In a definitive move to bolster economic expansion, the Central Bank of Kenya (CBK) enacted a ninth consecutive reduction of its benchmark lending rate – the Central Bank Rate (CBR) on Tuesday, 9th December 2025, thereby instituting the longest monetary policy easing cycle in the institution’s history. This decision was propelled by a conducive domestic environment characterized by stable inflation and substantial external buffers, which collectively afforded policymakers the latitude to prioritize growth stimulation.
The Monetary Policy Committee (MPC) agreed to a cut of 25 basis points, lowering the CBR from 9.25% to 9.00%. This action extends a strategic cycle of reductions designed to stimulate credit extension to the private sector, an objective deemed sustainable while inflationary pressures remain comfortably anchored within the official target band of 5.0% ± 2.5 percentage points.

The domestic inflationary backdrop provides substantial justification for this accommodative stance. Overall inflation moderated to 4.5% in November, below the midpoint of the government’s target range. This was primarily driven by a decline in core inflation which excludes volatile food and energy prices to 2.3%, largely attributable to reduced costs for processed food items such as maize flour and sugar.
Although non-food, non-fuel (NFNF) inflation edged higher to 10.1% due to elevated prices for vegetables like tomatoes and onions, the committee anticipates headline inflation will persist near the target midpoint in the immediate term, a projection that supports the CBK’s growth focused stance.
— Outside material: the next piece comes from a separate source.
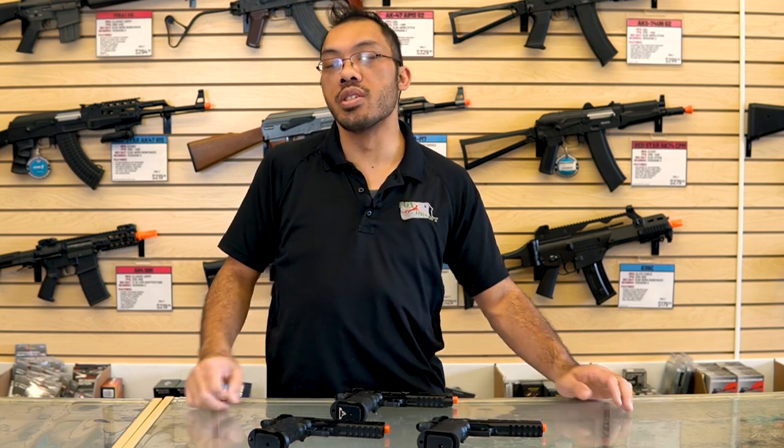Hey guys, I'm Tang with Fox Airsoft and today's video is going to be about the Hi-Kappa platform, mainly talking about what they are and their controls and such.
CBK Cites Strong Reserves, Shilling Stability as Key to Policy Enablers
Concurrently, pronounced stability in the foreign exchange market and robust external reserves have significantly bolstered the policy space. The Kenyan shilling has maintained a firm position below the 130 level against the US dollar for several consecutive weeks, a stability the MPC cited as a pivotal factor enabling sustained policy support. Furthermore, the central bank’s foreign exchange reserves ascended to USD 12.092 billion in December, equivalent to 5.25 months of import cover and representing the highest buffer observed in recent months.
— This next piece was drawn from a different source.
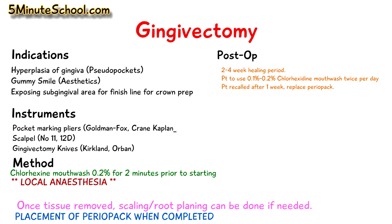After a week the patient returns for a checkup and we clean the wound surface. Any fibrin remnants and epithelial remnants we remove, and then we apply a new periodontal dressing. The normal healing period for a gingivectomy is between two to four weeks, but the patient must be monitored weekly to ensure healing is going appropriately and to replace the periodontal packs.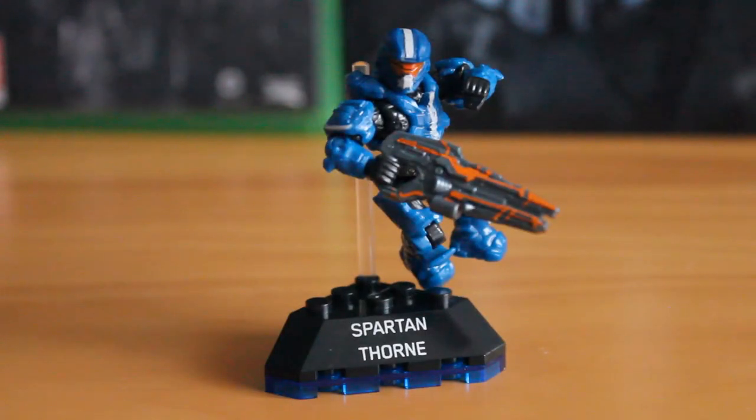So that's it for this review. I hope you've enjoyed it. We'll be bringing you more Halo, Call of Duty, Assassin's Creed and Terminator reviews in the future. So don't forget to like, favourite and subscribe, and we'll see you in the next video.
The committee noted that the current account deficit, while having widened modestly to 2.2% of GDP in the twelve months to October, remains manageable and is projected to stabilize around 2.3% through 2025 and 2026. On the growth front, recent data indicate a broadening recovery. Real GDP expanded by 4.9% in the first half of 2025, prompting the CBK to revise its full-year growth forecast upward to 5.2%, with a further acceleration to 5.5% anticipated in 2026.
This optimistic outlook is underpinned by resilience in the agricultural and services sectors, coupled with a discernible recovery in industrial activity. The accommodative monetary policy is already transmitting to the real economy, as evidenced by CBK data showing a year-on-year expansion in private sector credit growth to 6.3% in November 2025, up from 5.9% in October 2025.
This marks a sustained recovery from the negative growth witnessed earlier in the year. Correspondingly, average commercial bank lending rates have declined to 14.9% in November 2025 from 17.2% a year prior, and credit quality has shown improvement, with the ratio of non-performing loans receding to 16.5% in November 2025 from 16.7% in October 2025.
A critical element of the CBK’s committee’s deliberation involved the transition to a revised Risk-Based Credit Pricing Model (RBCPM) for the banking sector, slated for full implementation by March 2026. This structural reform is anticipated to enhance the transmission mechanism of monetary policy, ensuring that reductions in the CBR translate more directly and transparently into lower borrowing costs for businesses and households. The shift is viewed as instrumental for maximizing the efficacy of the CBK’s current easing cycle.
Salient Developments in the Macroeconomic Space
Private sector credit attained a record KES 4.15 trillion in November, signaling a definitive shift in the credit cycle. In capital markets, corporate initiatives such as Safaricom’s inaugural green bond witnessed remarkable oversubscription, reflecting robust investor appetite for sustainable instruments. Concurrently, the mobile money ecosystem is evolving, with Airtel Money surpassing a 10% market share for the first time as M-Pesa’s dominance gradually recedes.
Equity markets exhibited volatility, characterized by exceptional rallies in specific counters like Uchumi and Kakuzi contrasted with net foreign investor outflows and a broader index decline. Meanwhile, infrastructure sectors such as fixed broadband and electricity generation posted steady growth, underscoring the underlying diversification and expansion of the Kenyan economy.